Structural Injustice, Procedural Equality, and Diversity in Recruitment

April 1, 2011 at 11:10 (Philosophy, Politics)

A handful of news items and discussions lately have prompted me to think about the issues in the title of this post. I should clarify at the outset that the phrase “diversity in recruitment” here is meant to refer to, e.g., a university or workplace actively endeavouring to make admissions / hiring decisions in a way that increases the representation of visible minorities and other marginalized groups. I sometimes get the sense that, before the partisan debate is even joined, this is an issue that divides liberals, if only in the sense of quiet inner conflict.

Let’s start by considering this post, detailing a scholarship that a Texas non-profit is offering strictly to white men. Go ahead and have a read; skip the comments, as they’re distracting in this case.

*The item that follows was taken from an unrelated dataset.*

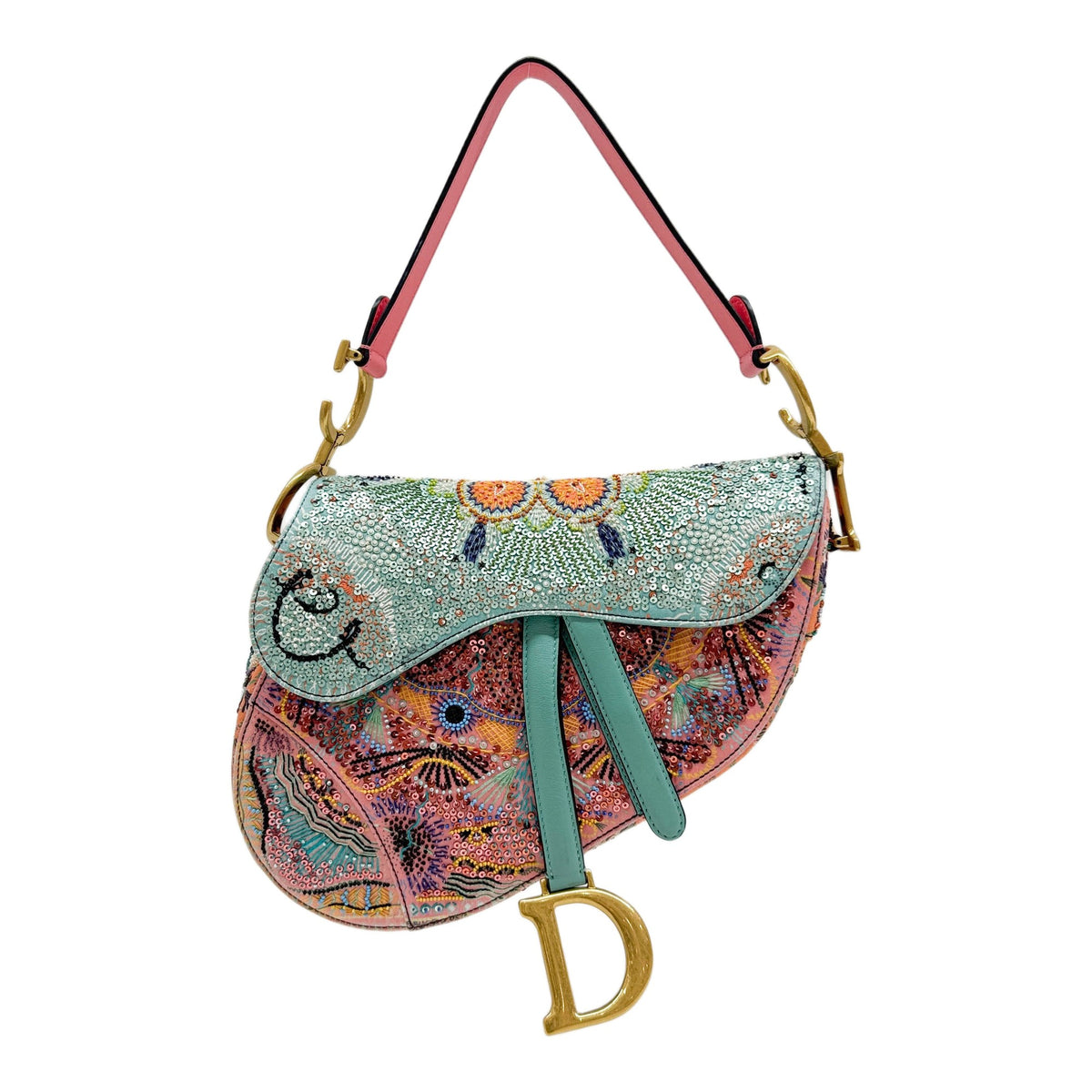 Limited Edition Saddle "Dior In Lights" Multicolor Canvas Shoulder Bag with Sequins and Beads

Don’t worry, I’ll wait.

Done? Okay. Now, consider your initial gut reaction to the whole thing. It’s possible, I think, that people who are otherwise liberal will bristle at the disdain this scholarship has prompted – people who might say, “wait a sec, I’m not sure we have any grounds to oppose this” and/or “I’m not sure I understand how the people who oppose it aren’t hypocrites.” I would know: not so long ago, I was at least conflicted enough to quasi-count as one of them.

Equality First?

Here’s a line of reasoning that I might have put forward at the time: so, we’re liberals, right? That means we like equality (in contradistinction to those mean ol’ right-wingers, who seem to think that inequality is just swell and dandy). We like for people to have equal treatment. And we want to work towards a world in which social categories like race, gender, sexual orientation, et cetera, don’t really change your basic set of opportunities in life. No surprise, then, that the existence of  scholarships for black people or for women, but none for white men, raises our hackles. Maybe we shouldn’t just go with the party line standard-issue opposition here. It’s treading on a basic moral intuition about justice and fairness, right?

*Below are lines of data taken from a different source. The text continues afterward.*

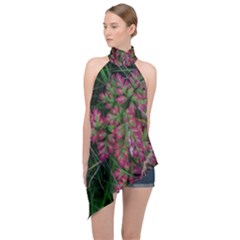 Pink-fringed Leaves Halter Asymmetric Satin Top by okhismakingart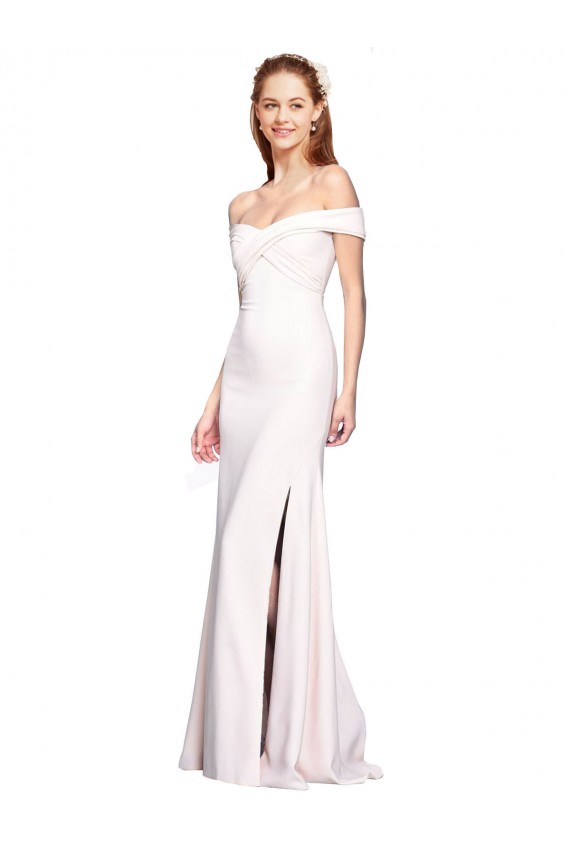 Cheapest Criss Cross Off the Shoulder Crepe Prom Dress with Side Slit UK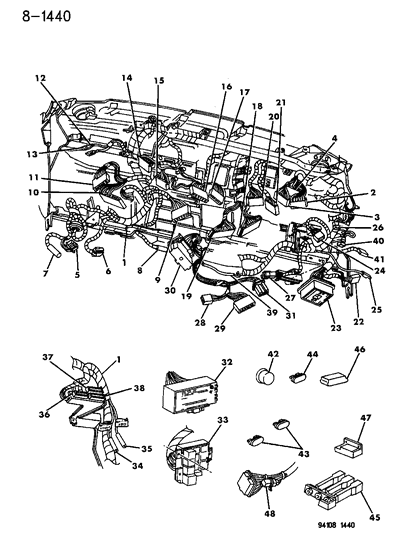 1994 Dodge Grand Caravan Fuse And Relay Block , (Service Assembly), Yellow Diagram for 6101488
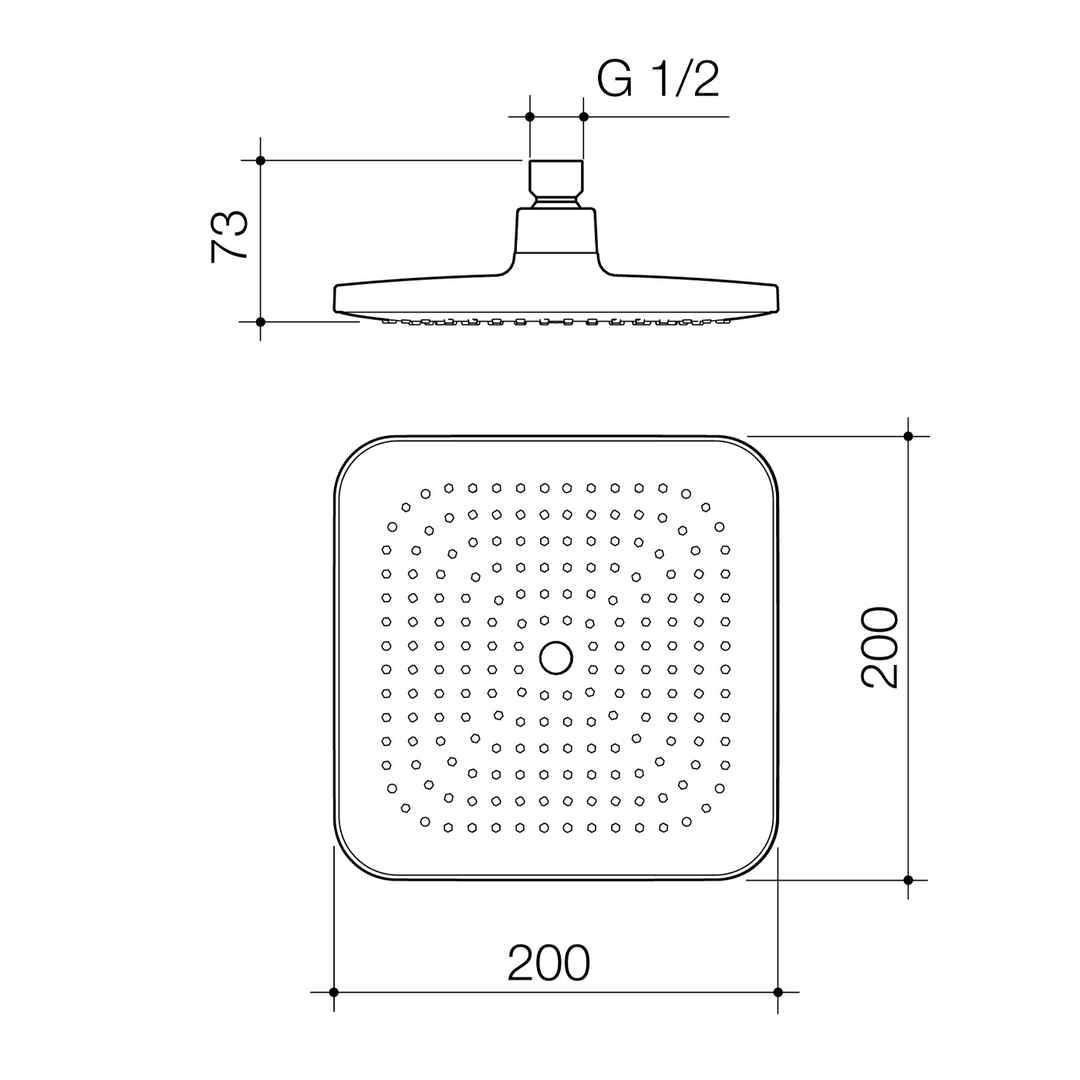 Luna Square Shower Head 200mm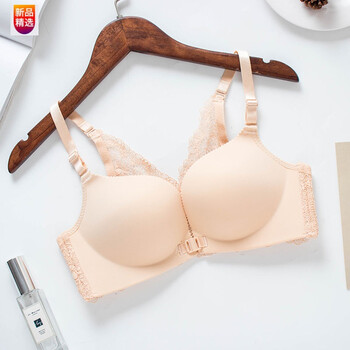 新款前扣无痕无钢圈调整型内衣女胸罩性感美背聚拢文胸单件套装肤色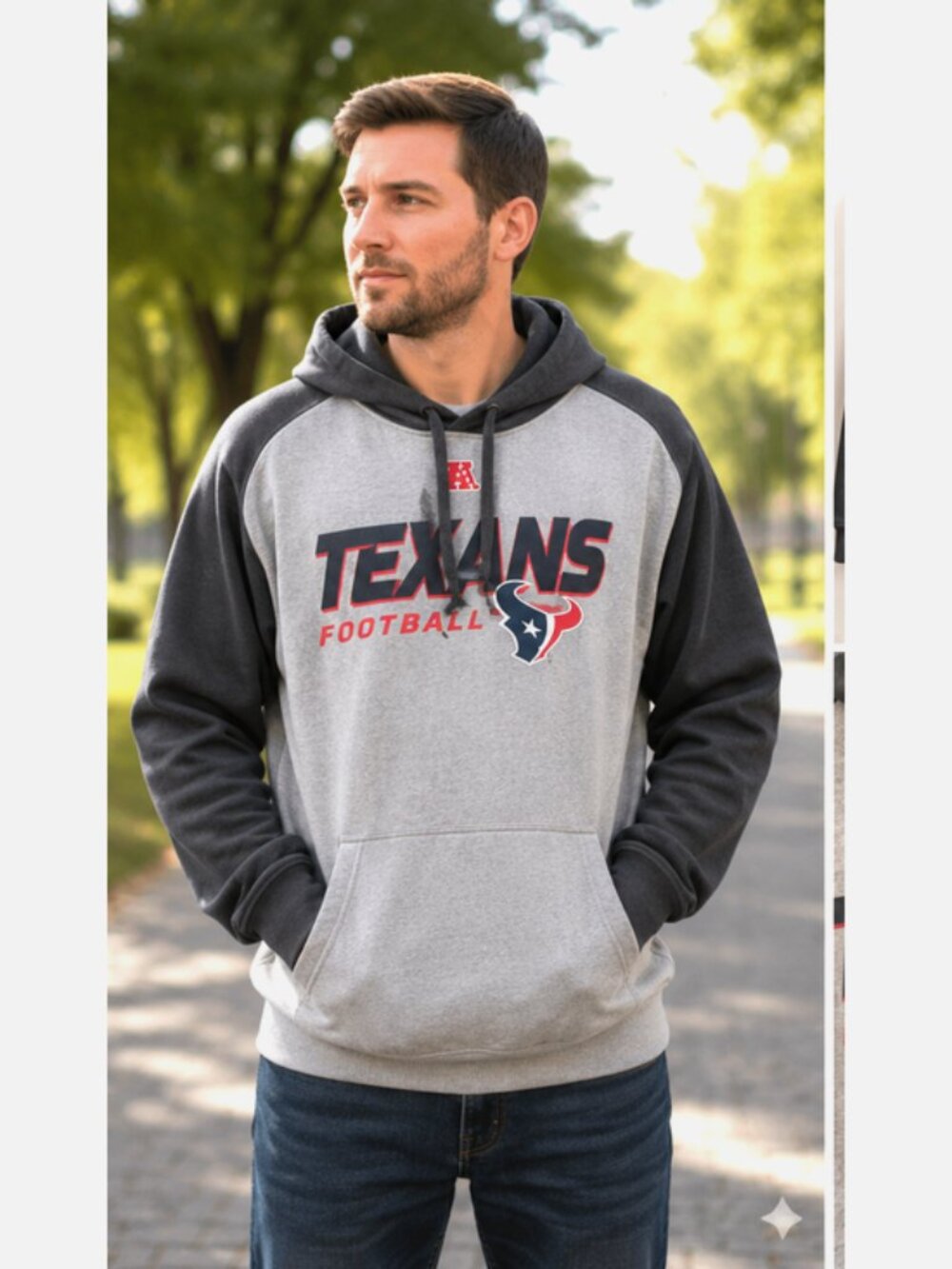 Houston Texans NFL Team Apparel Hoodie Men’s Large Gray Pullover Sweatshirt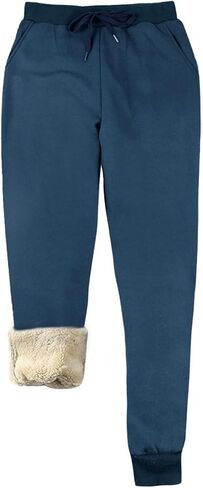 Yeokou Women's Warm Sherpa Lined Athletic Sweatpants Jogger Fleece Pants in Kuwait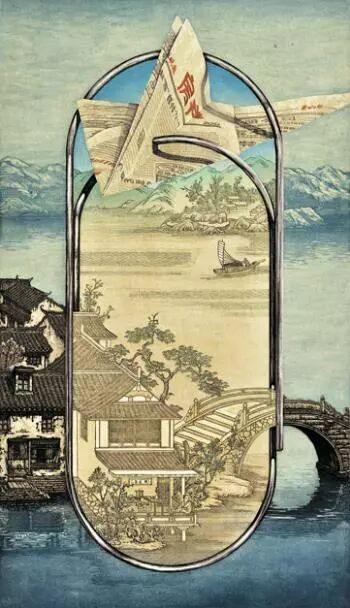 展览中一幅顾志军的版画《迷恋与传说》,将江南水乡的韵味与文蕴通过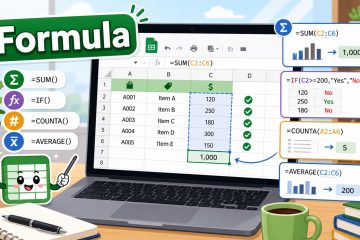 ภาพประกอบสูตรพื้นฐาน Google Sheets สำหรับเริ่มใช้งาน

I must stress that at no point did I feel completely comfortable with this line of reasoning; as I said, I was conflicted, and the idea of a white-men-only scholarship would always have struck me as distasteful. On the other side of the coin, I would even now resist the idea that the above-mentioned moral intuition amounts to nothing whatsoever. I am willing to venture that most people, if perhaps only with their guard down, would be willing to admit that on some level it matters to them, as one concern amongst many, that we avoid situations where some individuals benefit from special treatment based purely on a trait or identity that nobody can choose to have or lack. Equal opportunity, it would seem, is one of the things we really do care about factoring in to the balance of concerns tracked by our moral/political intuitions.

Some Helpful Nuance

This is all by way of prefacing and framing the thinking that has since led me to largely repudiate the stance I just articulated. One way to start in on that repudiation is to recognize that there’s a difference between, one the one hand, treating people equally, and on the other hand, actually working to bring about a world where everyone can exist as equals. We can term this the difference between procedural equality versus substantive equality, or equality of process versus equality of outcome.

To illustrate with a silly example, if you must figure out how to divide four sandwiches between a pro football player and an average Joe, there are two ways you can divide them up “equally” – two to each person, which is procedurally equal, or three to the football player and one to the other guy, because one’s appetite is three times the other’s; that would be substantively equal. The idea that three sandwiches is just enough food to sate the football player and one sandwich is just right for the other fellow is a stipulation of the scenario here. Of course, the question gets considerably murkier if you don’t know what their relative appetites are. But in the case where you do have that information, it suddenly makes quite a bit of sense to “discriminate” against the individual in the scenario with lesser needs. He’ll be okay with one sandwich.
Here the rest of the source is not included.